What is needed ▸
Leave out the images and set down the records below exactly.

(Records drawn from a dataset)
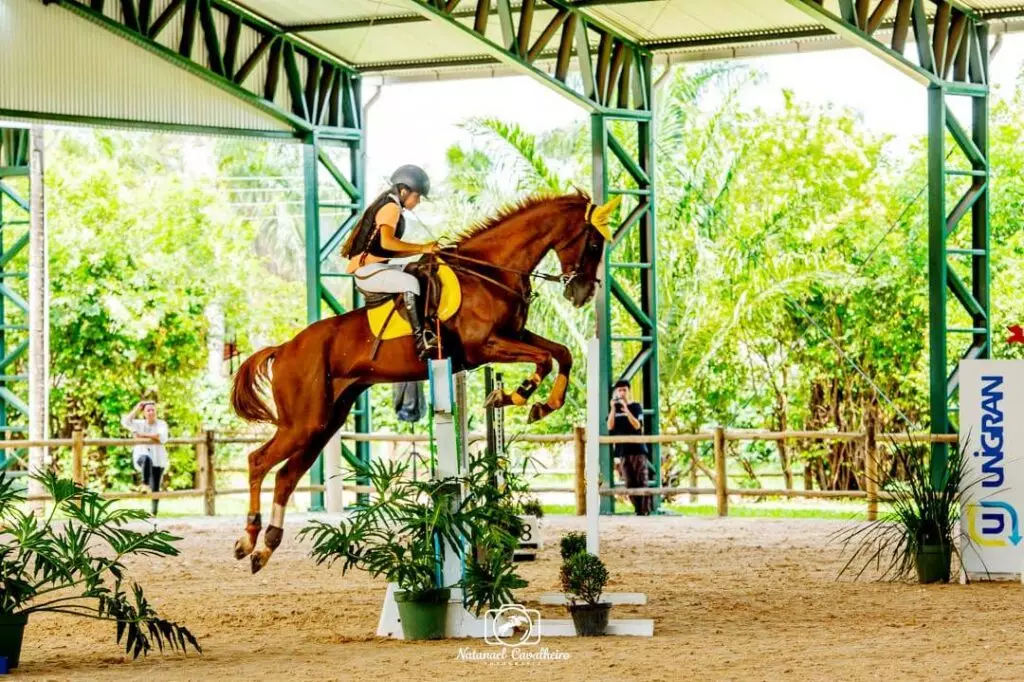 Amazona de Amambai é convocada para o Brasileiro de Hipismo do Rio de Janeiro Amazona de Amambai é convocada para o Brasileiro de Hipismo do Rio de Janeiro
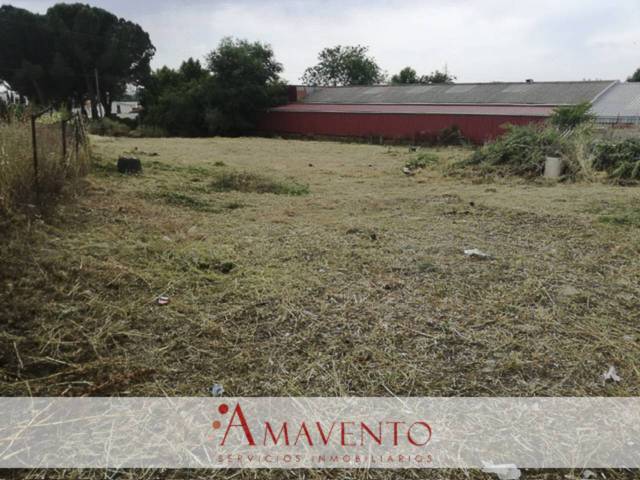 Terreno industrial en Venta en Camino Viejo de Cobeña en Zona Industrial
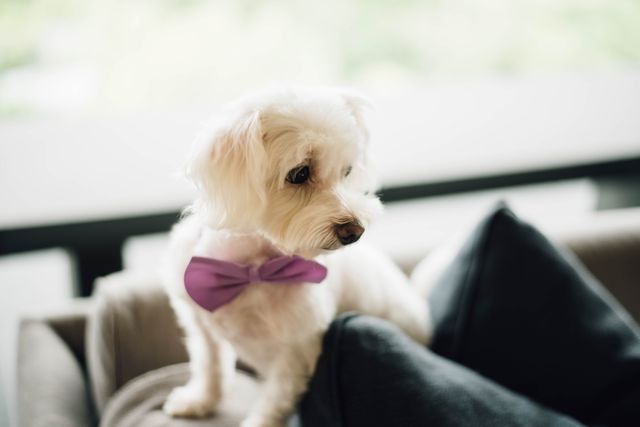 Cute White Dog Wearing Purple Bow Tie Sitting on Couch - Download Free Stock Photos Pikwizard.com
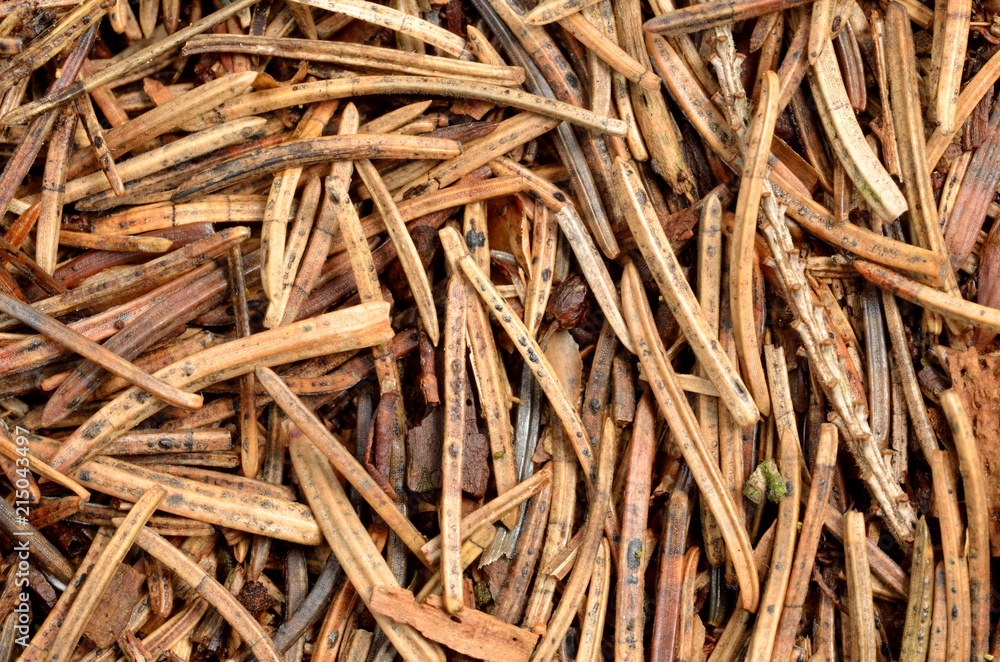 Texture of a dry forest needle - close-up, view from above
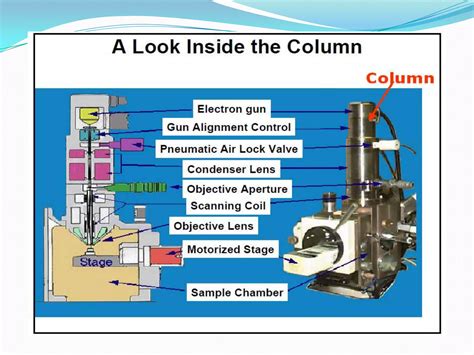 Image result for How Does a Scanning Electron Microscope Work Cochell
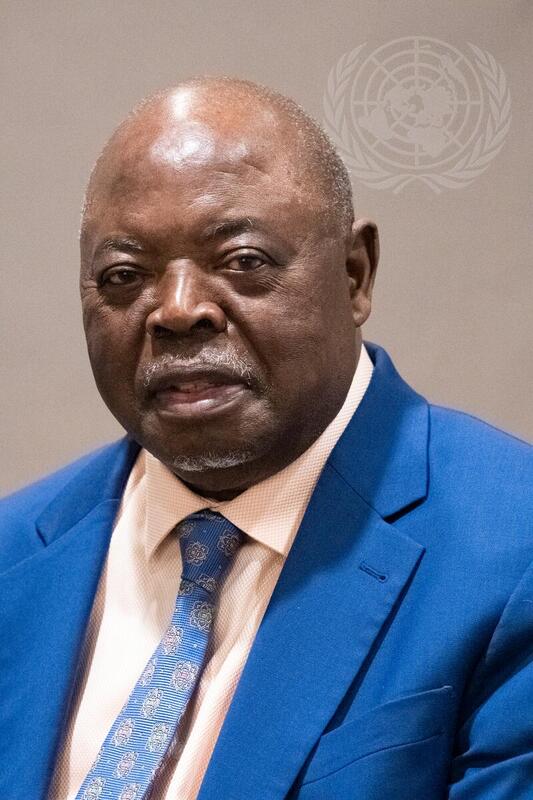 Portrait of Permanent Representative of Democratic Republic of Congo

Written response ▸
 Amazona de Amambai é convocada para o Brasileiro de Hipismo do Rio de Janeiro Amazona de Amambai é convocada para o Brasileiro de Hipismo do Rio de Janeiro
 Terreno industrial en Venta en Camino Viejo de Cobeña en Zona Industrial
 Cute White Dog Wearing Purple Bow Tie Sitting on Couch - Download Free Stock Photos Pikwizard.com
 Texture of a dry forest needle - close-up, view from above
 Image result for How Does a Scanning Electron Microscope Work Cochell
 Portrait of Permanent Representative of Democratic Republic of Congo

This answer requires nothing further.